Digital tools have significantly improved operational performance and reduced costs in oil and gas operations by automating manual, resource-intensive tasks. Companies are implementing these tools across various processes in the value chain to enhance efficiency through better data visibility. Additionally, these tools minimise human involvement in hazardous environments, contributing to increased operational safety. But any new initiative requires sustained commitment for its effective application across the organisation. This comes at a cost, which often becomes a hurdle in the mass rollout. To ascertain if this was indeed the case for automation within the oil and gas industry, leading data and analytics company GlobalData conducted a poll among its readers on the investment outlook for automation over the next 12 months.

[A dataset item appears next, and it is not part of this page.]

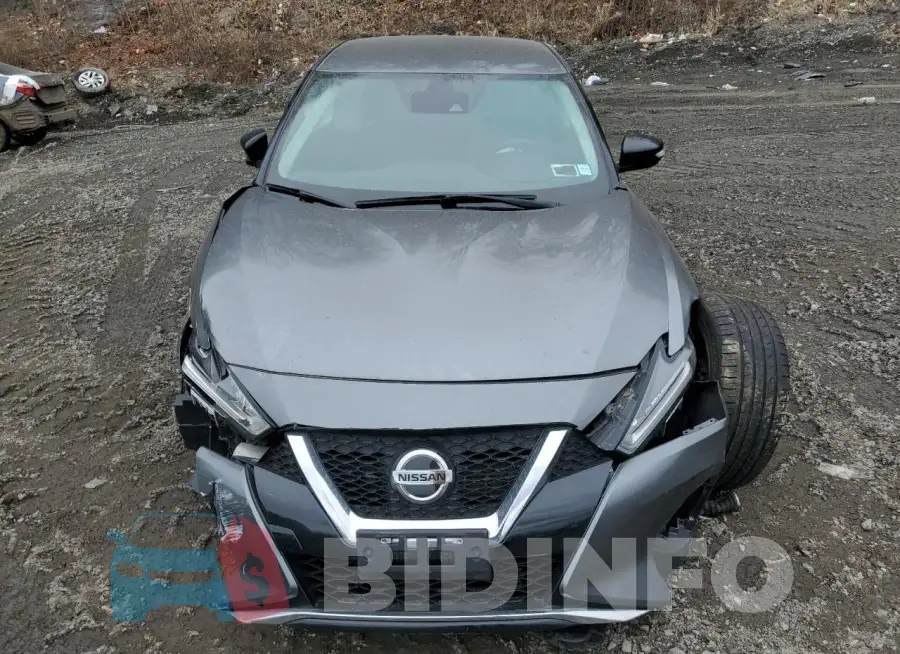 1N4AA6CV6MC511783 Photo# 5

The poll answered by professionals from over 50 countries generated 233 responses, with half of them indicating that the investments will go up. This was in line with the general positive sentiment towards automation technologies within the industry. Companies around the world are grappling with the challenge of finding capable frontline workers to do their tasks. As experienced field staff move on to other, less risky job roles, the need for automation becomes even more profound. As a result, companies will continue allocating some share of their budget for the implementation of automation technologies, including robotics, AI, and Internet of Things.

Nearly two-fifths of the respondents to this poll stated that their organisation’s spend on automation technologies might decline in the near future. Different organisations go through their own financial cycles of revenue generation, free cash flow, and profitability that may determine their investment priorities. At times, companies may have plans to undertake any major acquisition or invest in a new greenfield facility. In such cases, certain investments may take a back seat for a brief period. Nevertheless, automation is critical for the oil and gas industry in the longer run and will feature prominently in the capital plans of most organisations.

Around 12% of the respondents indicated that their organisation is likely to maintain its automation investments at the same level as the previous year. This also implies a consistent approach towards deploying these technologies within their operations.

Lastly, around 19% of the respondents couldn’t give a specific answer on their organisation’s investment preferences, perhaps due to limited visibility on this aspect.